A la bajada paré a tomar un café en una terraza cercana al
mercado viejo, estaba fresco y tuve que refugiarme en el interior del
local, no era un lugar acogedor, lúgubre y oscuro, no obstante hice algo
de tiempo leyendo los periódicos locales. Mientras los ojeaba me di
cuenta de que sabía más de lo que yo mismo me imaginaba sobre la vida
política y social de la isla. Incluso empezaban a interesarme sus
pequeñas reivindicaciones y batallas. Demasiado tarde, sin duda.
Por
fin ella llegó, fuimos a comer a La Casa Encantada, un sitio estupendo,
volvimos a pedir un buen vino de la tierra y una sama con unas papitas
arrugadas. Siempre me había gustado salir a comer con ella. Era una
liturgia con la que ambos llegábamos a sentir gran complicidad. Aunque
de una forma distinta, menos profunda, llegué a disfrutar de nuevo de su
conversación y su compañía, tal vez sólo porque intuía que esta sería
la última vez.
Paseamos por la zona antigua y vimos que en un
entoldado estaban presentando vinos de la zona, entramos y allí se
encontró con unas amigas, chicas muy simpáticas que yo ya conocía bien.

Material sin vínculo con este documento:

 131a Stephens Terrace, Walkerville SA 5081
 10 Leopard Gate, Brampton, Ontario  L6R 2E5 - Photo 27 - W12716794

Uno de los productores nos invitó a visitar su bodega, a ella le
encantó, le gustaba ese mundo por tradición familiar. Quedamos en ir
todos juntos al día siguiente.
No madrugamos. Era sábado y la visita
estaba prevista para el mediodía. Desayunamos con calma y cogimos el
coche, paramos para recoger a las dos amigas que nos acompañarían y
pusimos rumbo a la bodega.
Sin estar distantes parecíamos
distanciados, ni en la mesa nos sentamos juntos. Yo me fijé más en los
antiguos toneles y en la plantación de alrededor del edificio dónde me
las arreglé para sacarme fotografías. Ella se quedó más tiempo con sus
amigas en la terraza.
De allí fuimos todos juntos a un guachinche y
después a una remota playa en un acantilado. Me esforzaba por hablar y
sonreír pero a diferencia de otras ocasiones y de la inmejorable
predisposición de nuestras acompañantes llegué a encontrarme extraño y
aislado, ajeno a todo. Me sentí muy aliviado cuando pensó que sería
mejor no salir de marcha esa noche. Estaba agotado psicológicamente.
Al
día siguiente fuimos a una tranquila playa del sur, frente a unas
casitas blancas y un tenderete donde vendían cerveza. Fue la última vez
que hicimos algo juntos y pese a que estaba algo fresco nos dimos un
largo baño. Me dejaba llevar, el final era irremediable pero no sufría,
simplemente veía que nuestro tiempo juntos se extinguía.
Ya en casa
vimos un rato la televisión, antes de acostarnos hablamos, todavía
conseguimos sonreír una última vez juntos, tal vez un reflejo del
pasado.
Al día siguiente me acercó hasta el aeropuerto. Tras facturar
la maleta le pregunté si no le parecía que vivíamos en dos mundos
demasiado opuestos. No me respondió nada convincente. Al coger el avión
supe que ya no volvería nunca más a la isla.
Pronto me enteré que ella también tenía la decisión tomada.